The first hurdle for McEntyre was the confusion of taking attendance while he was still unfamiliar with the names of his 150 students amid the chaos of class shuffling that starts every school year.

Then there was the task of finding textbooks in decent condition--increasingly rare in a district strapped for funds. Many of McEntyre’s basic math and pre-algebra books, to be used by seventh- and eighth-graders, have unsightly scrawls on the inside covers, ripped-out pages or spines that barely hold up.

Perhaps the biggest challenge, however, has been how to deal with a roomful of hyperactive, hormone-driven teen-agers for whom attentive and well-behaved are merely vocabulary words. McEntyre had hoped to import some of the tricks of the trade he picked up as a onetime adult-school teacher, but his current classroom dynamics are more difficult.

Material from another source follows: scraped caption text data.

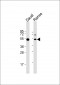 LSP1 Antibody (Center)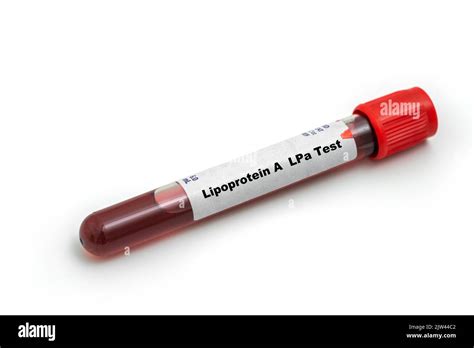 Lipoprotein A LPa Test Medical Check Up Test Tube With Biological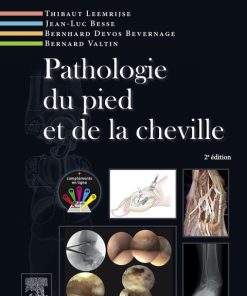 Pathologie du pied et de la cheville 2nd Edition – PDF ebook
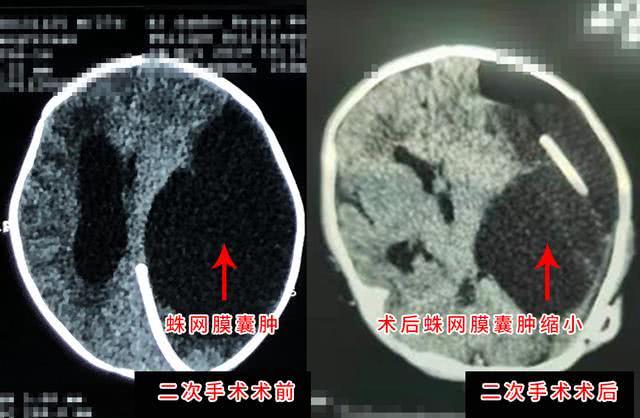 29天嬰兒巨大蛛網(wǎng)膜囊腫 三博腦科精準(zhǔn)手術(shù)疏通“水”路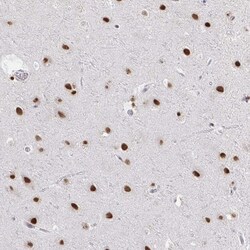 Invitrogen hnRNP DL Polyclonal Antibody 100 &mu;L; Unconjugated:Antibodies,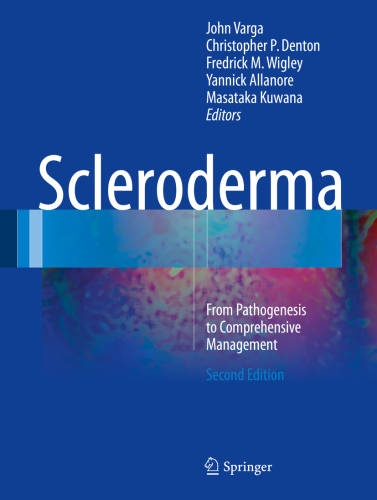 Scleroderma: From Pathogenesis to Comprehensive Management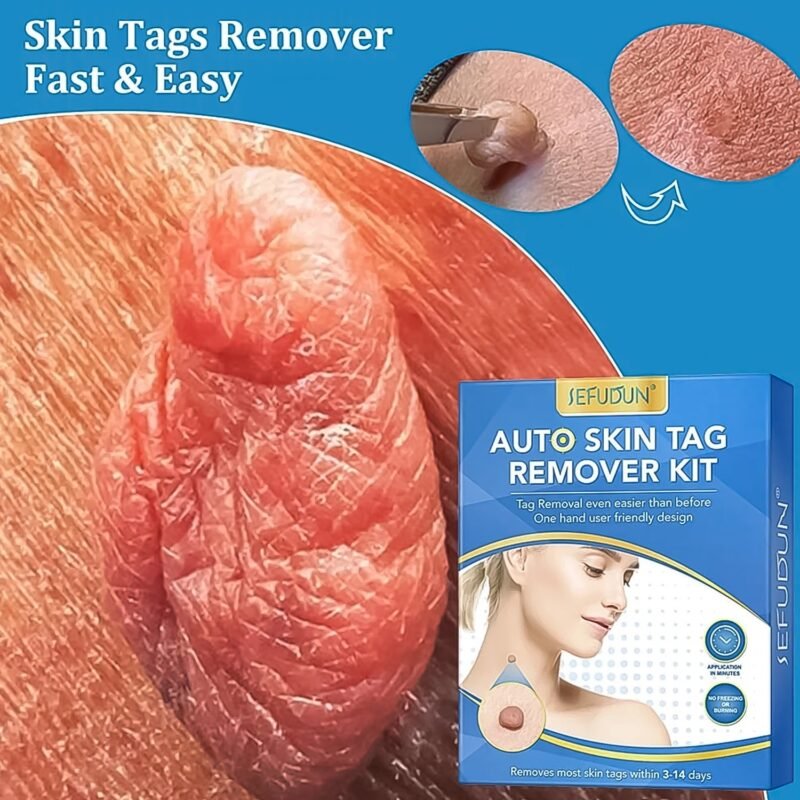 03_b2812fb7-e89a-40b9-9bd8-6853fc903500.jpg Skin Tag Remover Kit 2-in-1 � Painless Home Use | Arrive Kit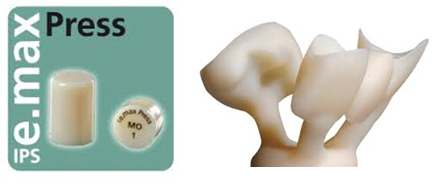 e.max: Bond or Cement? Gary DeWood e.max Bond or Cement fig 1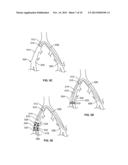 CLOSURE DEVICE diagram and image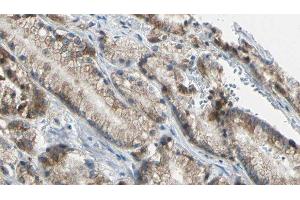 ABIN6276636 at 1/100 staining Human prostate tissue by IHC-P. (TNFRSF10B anticorps  (N-Term))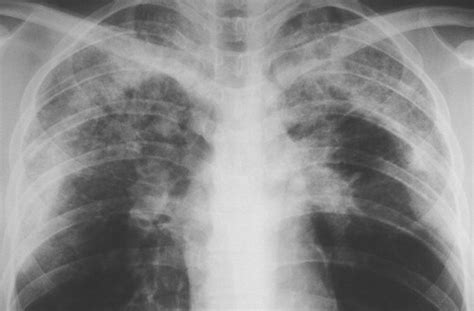 Eosinophilic Lung Diseases A Clinical Radiologic And Pathologic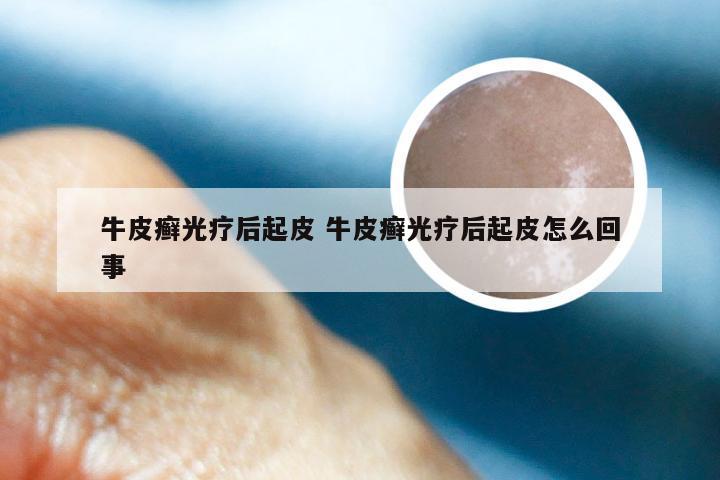 牛皮癣光疗后起皮 牛皮癣光疗后起皮怎么回事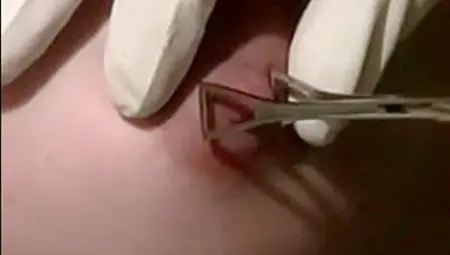 My Sexy Piercings Girls Getting Their Clit Hood Pierced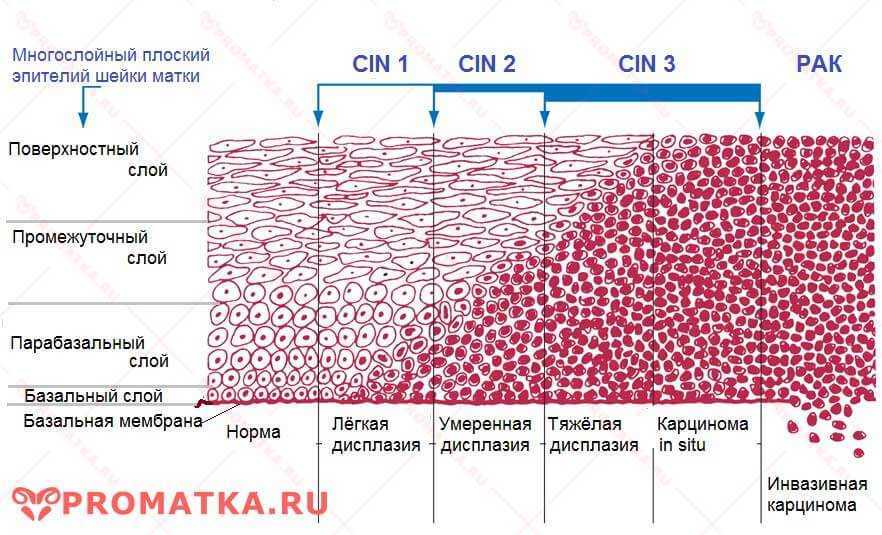 Онкология: что такое рак? понятие онкологического заболевания, причины возникновения злокачесвенных новообразований | клиники «евроонко»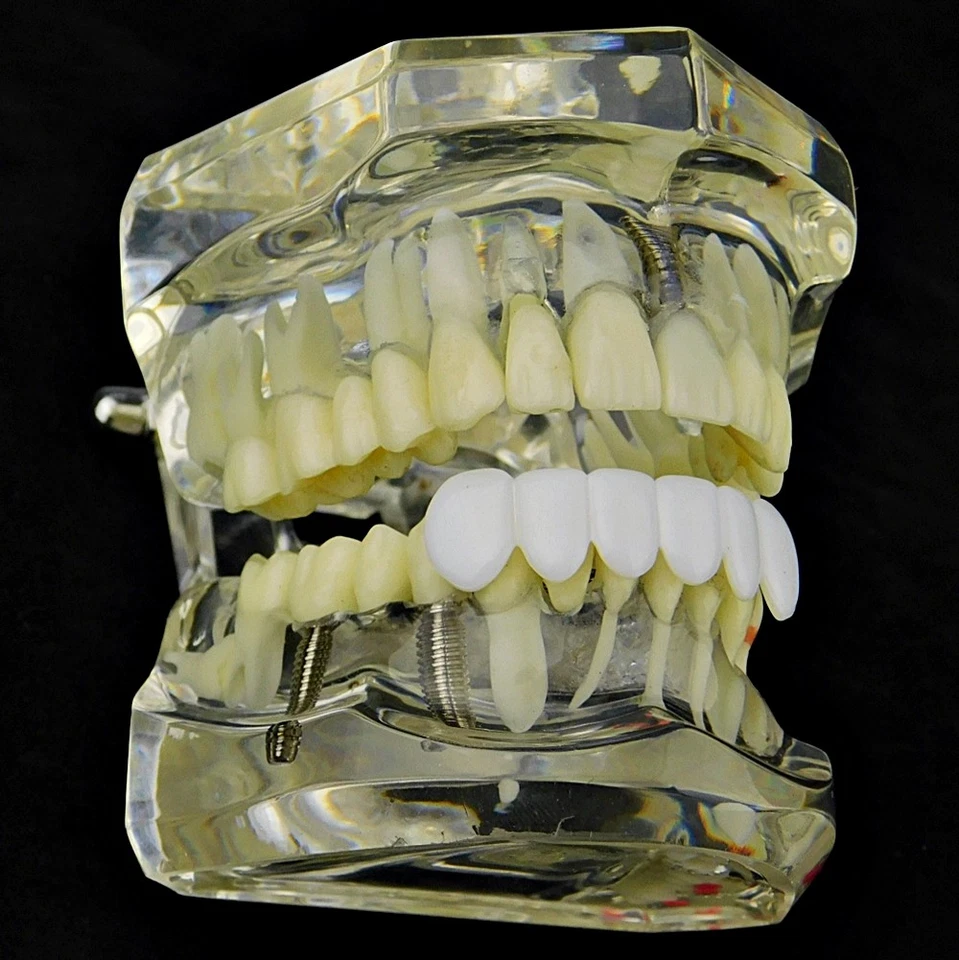 Pure White Teeth Grillz Bottom Teeth Six PC Hip Hop Mouth Grill Pre-Made Grills - Image 3 of 4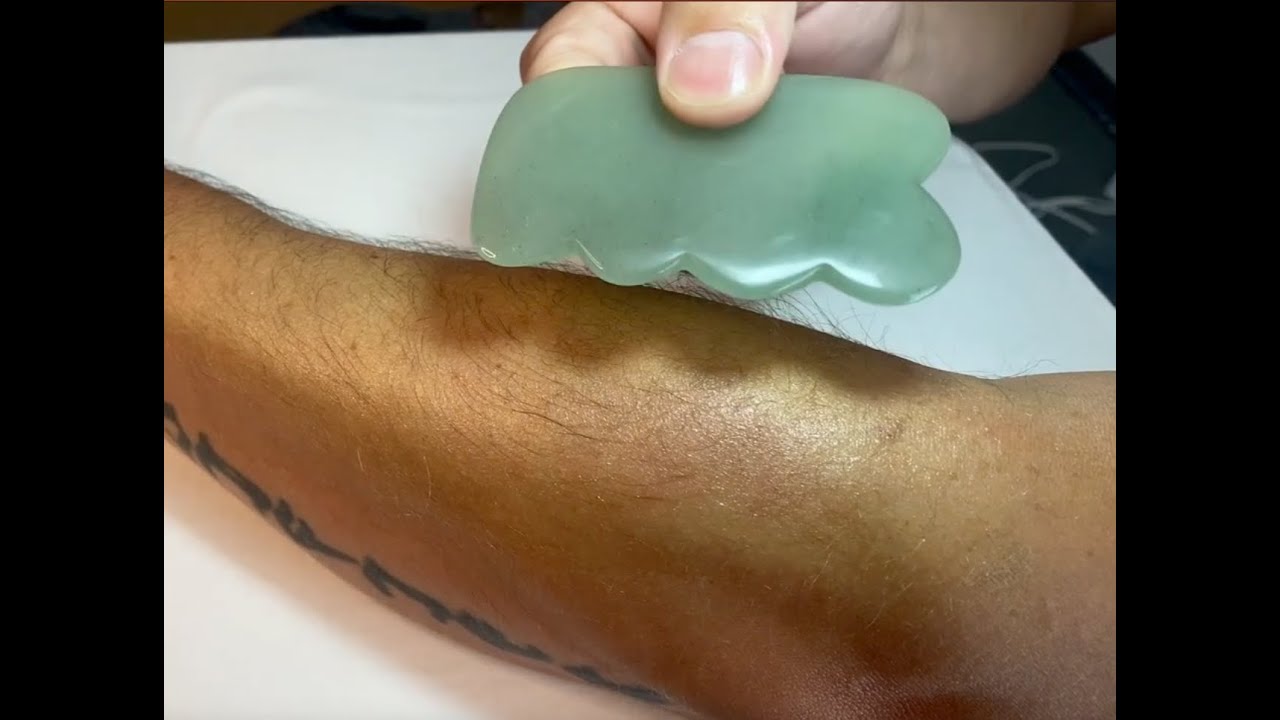 Fix Tennis Elbow with Gua Sha A StepbyStep Guide YouTube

As he tried to explain the concept of rounding numbers one morning, giggles punctured the silence. Whispers flew. Restless boys kicked the seats in front of them, while newly makeup-conscious girls passed compacts back and forth. Other youngsters sauntered in late, got up to sharpen pencils or even laid their heads on their desks.

“I need to bring another shirt,” McEntyre said after morning classes on his first Monday as a teacher, sweat seeping into his light-blue shirt from the effort of maintaining classroom discipline and from an attack of first-day nerves.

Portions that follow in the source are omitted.